Seeking Alpha

Another day, another blog post with a lot of comments left, so thank you for that. Working its way into Saturday's comments was a little bit more humor than the previous couple of days. So maybe a 6% lift in the last hour on Friday did do a lot to improve people's spirits.

A couple of weeks ago, I made a reference or two to a concept brought up by Dr. Brett called hindsight bias. An example of hindsight bias would be to look back over the last couple of years and say "well, of course there was going to be a fill in your own description of the current mess."
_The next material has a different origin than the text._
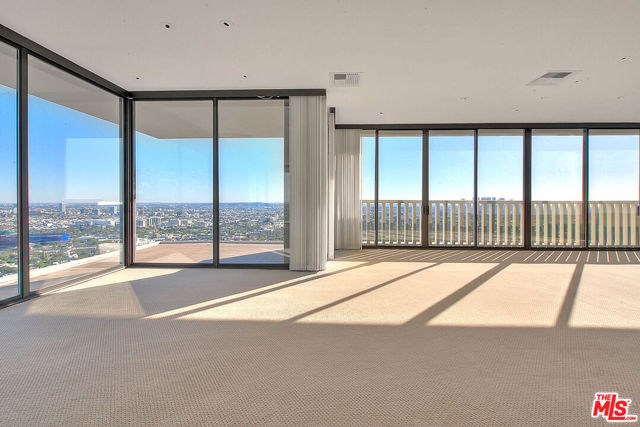 9255 Doheny Road, West Hollywood CA: https://media.crmls.org/mediaz/b158273d-b8b7-4538-8b04-39c0844413d2.jpg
A hindsight bias in the making might be what is being done to try to fix the various problems that exist. There is an article in this week's Barron's that goes down this path some: Has the Fed Mortgaged Its Own Future? The article is a look at the balance sheet of the Fed now versus before this started.

The first things I think of are inflation and higher interest rates. By extension, then a weak dollar.

We are printing money, which has consequences. Our status in the world could soften the blow that another country doing the same thing might face, but softening the blow does not mean no blow whatsoever.

Lately the dollar has, of course, rallied, and treasury yields have gone lower. This has been a reaction to the crisis and the mess that is every other part of the fixed income market besides treasuries. The willingness to buy dollars during a crisis and accept all time low yields supports the idea of a softer blow.

This is far from a certainty, as the Barron's article points to one warning sign that the debt issued to pay for all the bailouts and other acronyms may have a longer maturity. Toby Smith made a comment on Bulls and Bears about our kids and grandkids being the ones to bail us out, not the US government. You've probably read things in the past about our debt being too big to ever pay off; now that's all the more so with what has been done and what is still to come.

Sort out your thoughts on these things and prepare for some portfolio changes over the next few years.